О присутствии в данном районе советской субмарины командир авианосца наверняка знал, а значит, знало и все его охранение. Знал он также, что контакт с ней потерян. Это можно расценить как отрыв АУГ от лодки, но дальнее охранение — тоже подводные лодки — все равно должны были продолжать поиск. Наверняка знала о потере контакта и вся ходовая вахта авианосца. Знали, и потому смотрели в оба. И тут в лунной дорожке какой-нибудь сигнальщик видит перископ. Докладывает, разумеется, — у них за это дело крупная денежная премия, между прочим.

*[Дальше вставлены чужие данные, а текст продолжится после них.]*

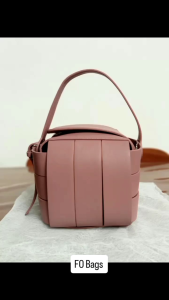 Tas Handbag Unik Premium Bentuk Kubus Anyam Kualitas Import kd 261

Командование авианосца волнуется, луна прячется в облаках, и перископ скрывается (чтобы оптику в дерьме не запачкать). Все там напряженно лыбятся на воду, оповещают корабли охранения, а авианосец идет, не меняя курса, потому что самолеты заходят на посадку. Тут снова выглядывает луна, четко виден вышедший пузырь — в лунной опять же дорожке — и акустики кричат, что слышат торпедный залп… Рулевой и не выдержал, повернул, уклоняясь от "торпед", — так или иначе, советской стороне сиё точно не известно, но шедший в это время на посадку самолет не туда приземлился, врезался в стоящие наготове к взлёту.
А в перископе — картина!!! Глянем?
В результате взрыва в кормовой части авианосца возник сильный пожар, который, в свою очередь, стал причиной серии взрывов авиационных бомб и неуправляемых авиационных ракет. Бандиты начали подрываться на том, что везли в подарок свободолюбивым вьетнамцам. По собранным американской комиссией данным и свидетельствам очевидцев, в течение всего лишь 20 минут на полетной палубе атомохода произошло 18 мощных взрывов, в том числе сдетонировали восемь авиабомб калибром 500 фунтов (227 кг).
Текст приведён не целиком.